The Honors sophomore class has been awarded a $6,700 grant from the National Collegiate Inventors and Innovators Alliance (NCIIA) in order to continue working on DAX2000, an interactive learning tool they have developed for middle-school students.
The main innovative feature of DAX 2000 is its power to educate the user via experiential learning. The game aims at helping middle-school students understand the interdependence of the types of problem occurring in the park, as well as in the world in general.
DAX 2000 contains information on the park as well as the regulations that need to be considered when making decisions. The program monitors about 30 different variables that make up all the economical, ecological, and sociological values within the park (i.e. employment, land value, pollution, tree health, aesthetics, etc.).
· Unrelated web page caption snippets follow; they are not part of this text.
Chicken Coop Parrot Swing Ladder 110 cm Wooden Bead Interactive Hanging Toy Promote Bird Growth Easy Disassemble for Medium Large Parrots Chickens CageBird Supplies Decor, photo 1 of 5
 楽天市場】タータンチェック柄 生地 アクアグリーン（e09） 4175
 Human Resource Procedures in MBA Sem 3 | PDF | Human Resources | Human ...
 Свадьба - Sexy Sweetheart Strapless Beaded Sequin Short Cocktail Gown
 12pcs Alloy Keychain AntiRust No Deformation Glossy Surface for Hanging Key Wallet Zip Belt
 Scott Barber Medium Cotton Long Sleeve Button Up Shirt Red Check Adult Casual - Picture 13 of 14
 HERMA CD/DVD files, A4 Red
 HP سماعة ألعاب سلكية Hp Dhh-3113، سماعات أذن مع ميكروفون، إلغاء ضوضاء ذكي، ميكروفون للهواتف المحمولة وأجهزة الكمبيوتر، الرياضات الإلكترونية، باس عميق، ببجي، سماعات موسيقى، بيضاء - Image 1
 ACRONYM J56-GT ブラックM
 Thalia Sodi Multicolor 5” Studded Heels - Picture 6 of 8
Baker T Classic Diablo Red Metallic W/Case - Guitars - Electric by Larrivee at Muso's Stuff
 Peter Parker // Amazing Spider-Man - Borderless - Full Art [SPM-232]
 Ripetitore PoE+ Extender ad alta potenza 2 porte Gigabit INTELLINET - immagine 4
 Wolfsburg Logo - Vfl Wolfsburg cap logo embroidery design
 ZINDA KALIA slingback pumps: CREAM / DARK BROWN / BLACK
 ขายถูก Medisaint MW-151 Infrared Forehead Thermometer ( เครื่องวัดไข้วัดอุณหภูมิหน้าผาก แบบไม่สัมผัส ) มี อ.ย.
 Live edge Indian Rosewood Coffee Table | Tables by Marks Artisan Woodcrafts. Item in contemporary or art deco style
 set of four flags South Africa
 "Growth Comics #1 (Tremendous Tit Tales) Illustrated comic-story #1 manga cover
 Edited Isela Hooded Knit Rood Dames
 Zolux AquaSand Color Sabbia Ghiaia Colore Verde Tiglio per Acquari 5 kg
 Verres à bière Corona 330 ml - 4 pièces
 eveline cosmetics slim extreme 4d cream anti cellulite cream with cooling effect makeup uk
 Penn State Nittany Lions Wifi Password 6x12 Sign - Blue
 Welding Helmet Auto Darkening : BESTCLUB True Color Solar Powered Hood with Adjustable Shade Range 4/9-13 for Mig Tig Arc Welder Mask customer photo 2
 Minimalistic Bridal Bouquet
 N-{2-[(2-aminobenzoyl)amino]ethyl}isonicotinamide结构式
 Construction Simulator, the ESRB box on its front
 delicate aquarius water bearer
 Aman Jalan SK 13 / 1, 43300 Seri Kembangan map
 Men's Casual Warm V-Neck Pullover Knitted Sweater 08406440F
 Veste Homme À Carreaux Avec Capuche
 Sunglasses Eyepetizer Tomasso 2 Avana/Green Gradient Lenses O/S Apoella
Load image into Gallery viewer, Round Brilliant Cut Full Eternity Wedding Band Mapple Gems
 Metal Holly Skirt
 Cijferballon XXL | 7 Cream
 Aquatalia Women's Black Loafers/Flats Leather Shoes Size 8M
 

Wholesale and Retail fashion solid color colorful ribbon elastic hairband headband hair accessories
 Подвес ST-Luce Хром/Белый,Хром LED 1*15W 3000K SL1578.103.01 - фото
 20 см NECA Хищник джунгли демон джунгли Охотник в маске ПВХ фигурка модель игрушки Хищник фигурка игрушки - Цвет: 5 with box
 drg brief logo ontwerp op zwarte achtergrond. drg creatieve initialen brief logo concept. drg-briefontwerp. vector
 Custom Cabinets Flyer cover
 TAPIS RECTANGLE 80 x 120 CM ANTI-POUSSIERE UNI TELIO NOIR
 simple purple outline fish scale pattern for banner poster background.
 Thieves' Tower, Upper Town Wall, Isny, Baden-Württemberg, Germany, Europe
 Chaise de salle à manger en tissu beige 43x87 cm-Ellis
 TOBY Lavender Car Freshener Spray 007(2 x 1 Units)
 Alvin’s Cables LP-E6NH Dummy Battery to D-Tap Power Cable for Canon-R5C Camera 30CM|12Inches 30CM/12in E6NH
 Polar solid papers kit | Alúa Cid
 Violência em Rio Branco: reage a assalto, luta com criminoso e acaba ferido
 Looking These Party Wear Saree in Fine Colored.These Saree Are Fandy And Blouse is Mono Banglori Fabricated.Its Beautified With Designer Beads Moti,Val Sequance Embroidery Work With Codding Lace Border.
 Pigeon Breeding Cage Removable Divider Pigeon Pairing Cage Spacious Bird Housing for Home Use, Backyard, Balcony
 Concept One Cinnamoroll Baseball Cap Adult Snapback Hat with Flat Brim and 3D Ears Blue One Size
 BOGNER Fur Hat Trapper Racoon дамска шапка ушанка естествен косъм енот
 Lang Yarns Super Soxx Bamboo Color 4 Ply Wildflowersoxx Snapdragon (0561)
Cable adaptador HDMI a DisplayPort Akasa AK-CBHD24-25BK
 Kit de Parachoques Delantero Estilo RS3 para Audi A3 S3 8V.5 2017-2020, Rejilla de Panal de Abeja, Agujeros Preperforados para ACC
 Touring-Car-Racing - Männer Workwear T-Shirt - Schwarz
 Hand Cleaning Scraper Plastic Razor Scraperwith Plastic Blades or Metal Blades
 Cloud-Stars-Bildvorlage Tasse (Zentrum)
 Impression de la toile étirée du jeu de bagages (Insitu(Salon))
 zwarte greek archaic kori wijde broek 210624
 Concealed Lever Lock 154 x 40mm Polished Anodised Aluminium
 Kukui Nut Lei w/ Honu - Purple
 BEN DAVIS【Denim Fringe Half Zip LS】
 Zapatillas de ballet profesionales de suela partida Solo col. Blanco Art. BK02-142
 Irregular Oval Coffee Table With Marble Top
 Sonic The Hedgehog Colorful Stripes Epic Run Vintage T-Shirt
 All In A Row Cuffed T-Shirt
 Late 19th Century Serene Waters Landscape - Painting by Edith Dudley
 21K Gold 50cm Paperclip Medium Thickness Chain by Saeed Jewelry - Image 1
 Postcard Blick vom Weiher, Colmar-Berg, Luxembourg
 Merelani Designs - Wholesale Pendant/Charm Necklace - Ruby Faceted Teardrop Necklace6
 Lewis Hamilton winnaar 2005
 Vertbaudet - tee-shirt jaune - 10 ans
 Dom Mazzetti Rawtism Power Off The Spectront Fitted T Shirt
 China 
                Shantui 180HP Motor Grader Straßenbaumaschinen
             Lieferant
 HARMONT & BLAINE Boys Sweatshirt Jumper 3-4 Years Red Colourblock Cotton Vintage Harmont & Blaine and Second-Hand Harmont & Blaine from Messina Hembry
The class was divided into four groups: engineering, economics, ecology, and ethics/social policy. Each of the groups were guided by a professor from the field in question. Within weeks, the students more or less took over everything, from running the meetings, to deciding about what should be done, and when.
The class soon realized that this project could not be finished during one semester and, after a suggestion from School of Business Professor Jon Vilasuso, who worked with the economics group, the class decided to apply for a grant to fund further development of the product. Working together with Gina Lee- Glauser, director of Research at Clarkson, the students decided that the NCIIA level III-grant would be the most appropriate to apply for. The NCIIA provides financial support for courses that promote invention, innovation, and entrepreneurship and support the work of E-teams. E-teams are multidisciplinary student/faculty teams that identify real-world problems and invent practical solutions with social benefit or commercial potential. The Level III grant that the Honors students chose to apply for is NCIIA's most advanced grants program. It supports later-stage development of an idea and the commercialization of an idea or concept.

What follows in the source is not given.